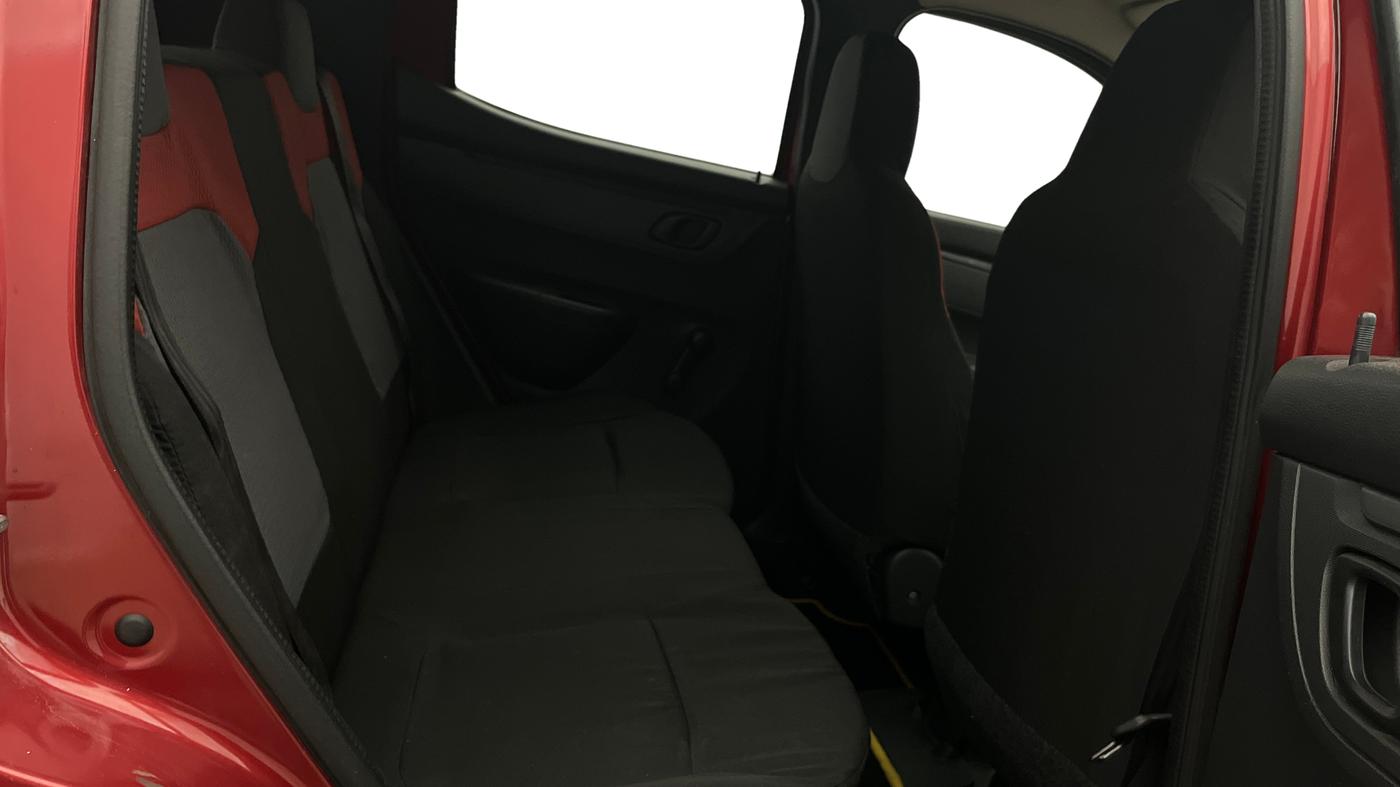 2016 Renault Kwid RXT 1.0, Petrol, Manual, 47,240 km, Right Side Rear Door Cabin
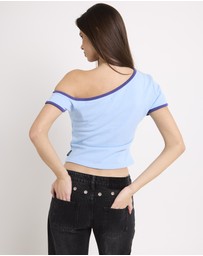 Insight - Varisty Off Shoulder T-Shirt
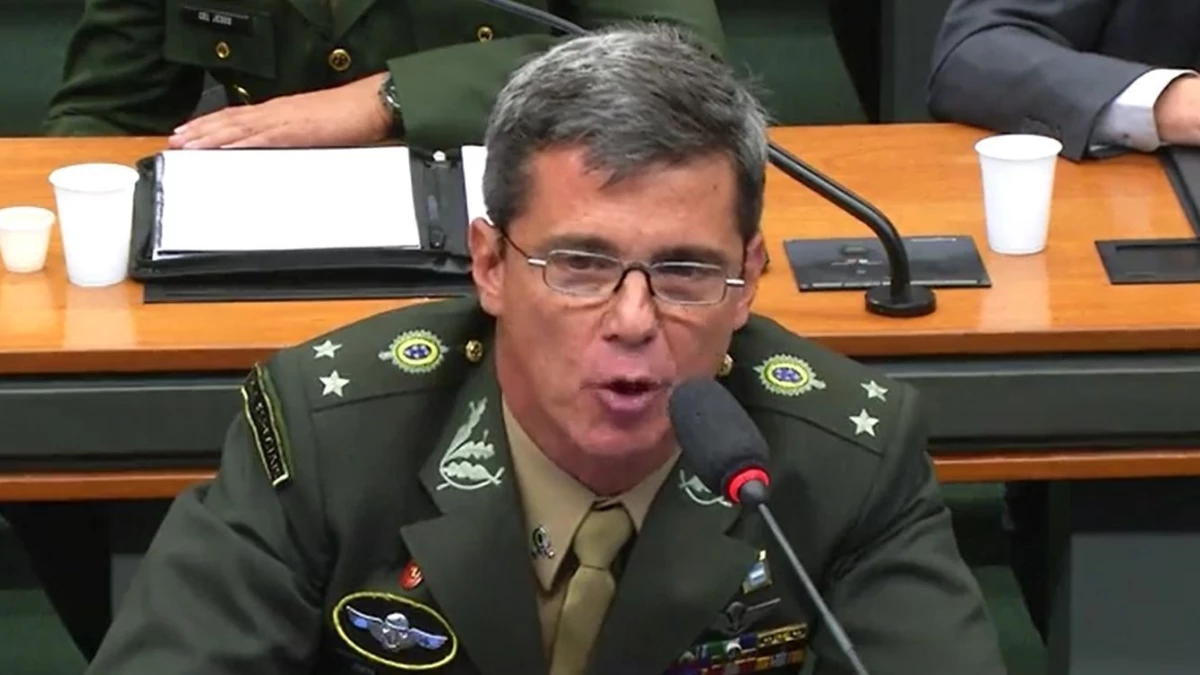 General trata plano como devaneio pessoal.webp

[EXERCISE DETAILS] An exact copy of the listing above, minus its pictures, is what is needed here.

[TASK SOLUTION]
 2016 Renault Kwid RXT 1.0, Petrol, Manual, 47,240 km, Right Side Rear Door Cabin
 Insight - Varisty Off Shoulder T-Shirt
 General trata plano como devaneio pessoal.webp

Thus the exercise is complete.